Un volume, come quasi sempre in quelli scritti da autori americani, ricco di curiosità, aneddoti e particolari che ripropongono le imprese, ed anche le delusioni, della squadra che, nella storia della Lega, forse più di ogni altra è stata in grado di andare oltre i propri limiti, rimanendo per questo impressa nella memoria degli appassionati dell’epoca, quelli con i capelli, se li hanno ancora, sale e pepe, che le guerre, perché quelle erano le partita di Ewing e compagni, le hanno vissute in prima persona, magari alzandosi in piena notte, come faceva chi scrive, per vederne in diretta le partite, piratando il segnale, in rigoroso sistema NTSC, di una vicina base americana.
Insomma, un bel libro, ben scritto e ben tradotto da Lorenzo Vetta, che farà venire i brividi a chi quel tempo lo ha vissuto ed appassionerà i più giovani, nei quali passerà il messaggio, il bel messaggio, che si può arrivare a tanto così dal successo anche senza essere baciati da un talento sovrumano, ma con tanto lavoro ed altrettanta abnegazione.

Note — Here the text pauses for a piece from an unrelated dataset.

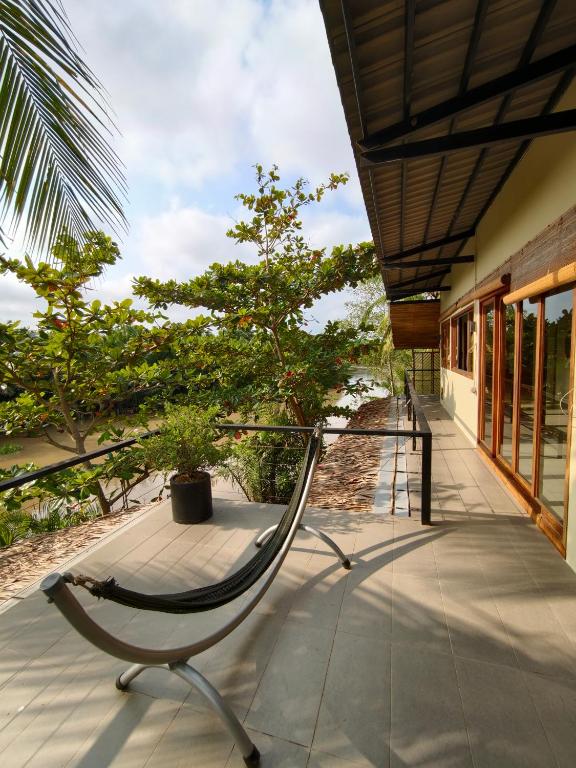 The Zen - InnerZen Mekong Riverside homestay Ben Tre 1 bed for 1-2 persons, 2 beds for 3-4 persons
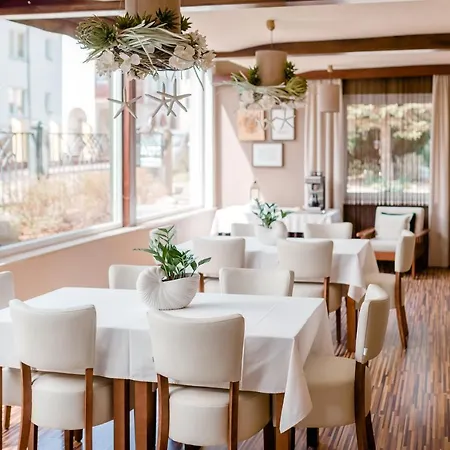 Przy Gwiazdach Проживание в семье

Unica nota di un’opera imperdibile, il fatto che le fonti siano raccolte in calce al libro – nella bellezza di 36 pagine, il che la dice lunga sul mastodontico lavoro di ricerca dell’autore – e non richiamate in fondo alla pagina cui la fonte si riferisce.
L’autore
Chris Herring è un giornalista sportivo americano che scrive di NBA su “Sports Illustrated”. Nel corso della sua decennale carriera ha collaborato anche con ESPN, “FiveThirtyEight” e il “Wall Street Journal”, dalle cui colonne, per sette anni, ha seguito le sorti dei Knicks come Bob Woodward e Carl Bernstein la Casa Bianca di Nixon, come ha scritto il “New York Time”. Vive a Chicago ed insegna alla Medill School of Journalism della Nortwestern University di Evanston, Illinois. Sangue al Garden, inserito da Obama nella celebre lista delle sue letture del 2022, è il suo primo libro.